▶ Task details: Your reply should hold every record exactly as given, with no pictures in it.

▶ The data:

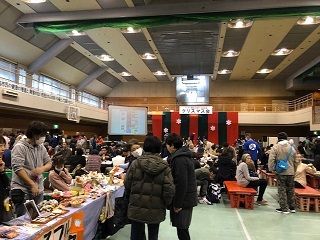 会場風景3(ブログ用)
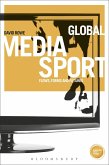 Global Media Sport Global Media Sport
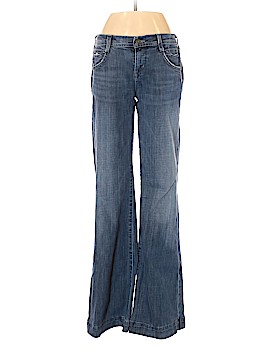 Citizens of Humanity Size 26 waist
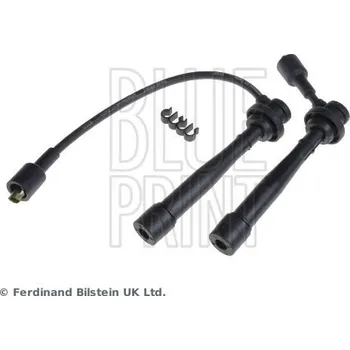 Autoelektrika Sada kabelů pro zapalování BLUE PRINT ADK81615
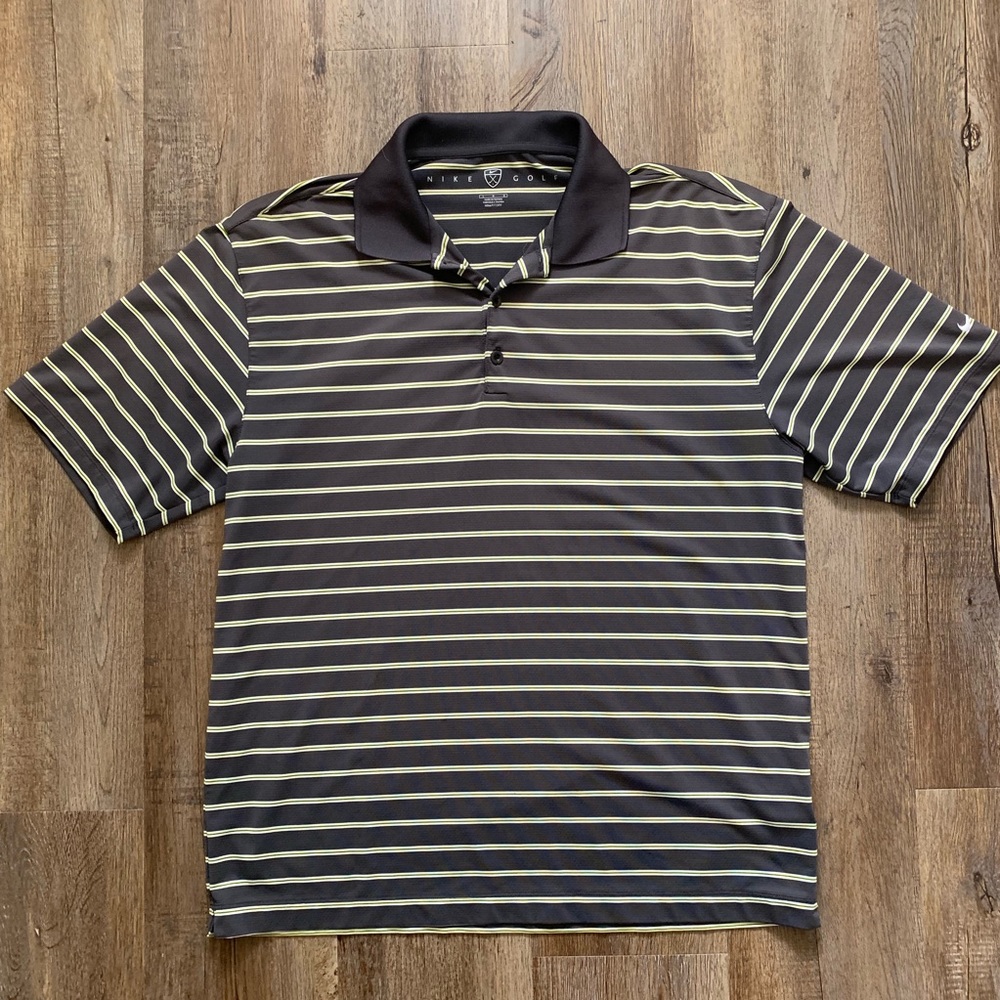 Nike Shirt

▶ Solution to the exercise:
 会場風景3(ブログ用)
 Global Media Sport Global Media Sport
 Citizens of Humanity Size 26 waist
 Autoelektrika Sada kabelů pro zapalování BLUE PRINT ADK81615
 Nike Shirt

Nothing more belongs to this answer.